Exercise goal: Starting at the line that contains "Mega Attack Rare", return every line through the end of the data exactly, without pictures.

Dataset extract:
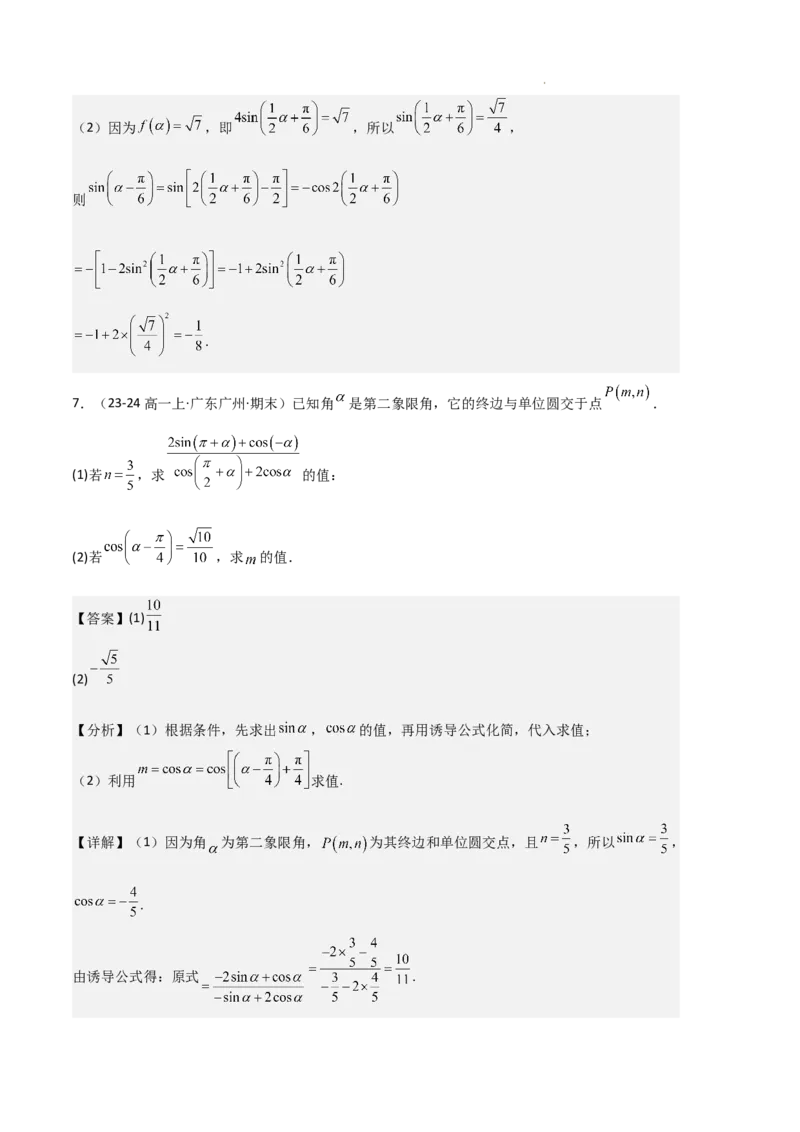 专题08三角恒等变换与三角函数应用（4种经典基础练+4种优选提升练）解析版_1多考区联考试卷_0105好题汇编备战2024-2025学年高一数学上学期期末真题分类汇编（新高考通用）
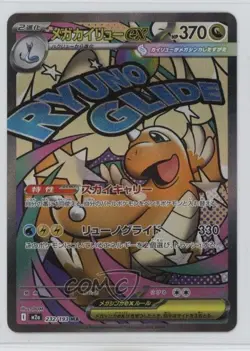 Mega Attack Rare - Mega Dragonite ex Japanese Pokemon MEGA Dream M2a #232 - Image 1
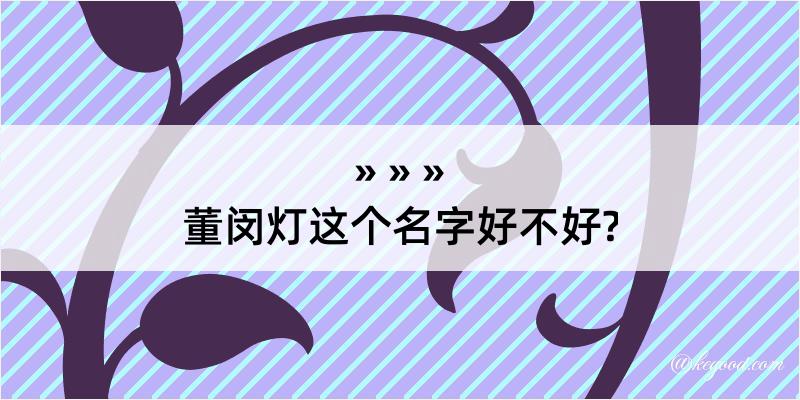 董闵灯这个名字好不好?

Output:
 Mega Attack Rare - Mega Dragonite ex Japanese Pokemon MEGA Dream M2a #232 - Image 1
 董闵灯这个名字好不好?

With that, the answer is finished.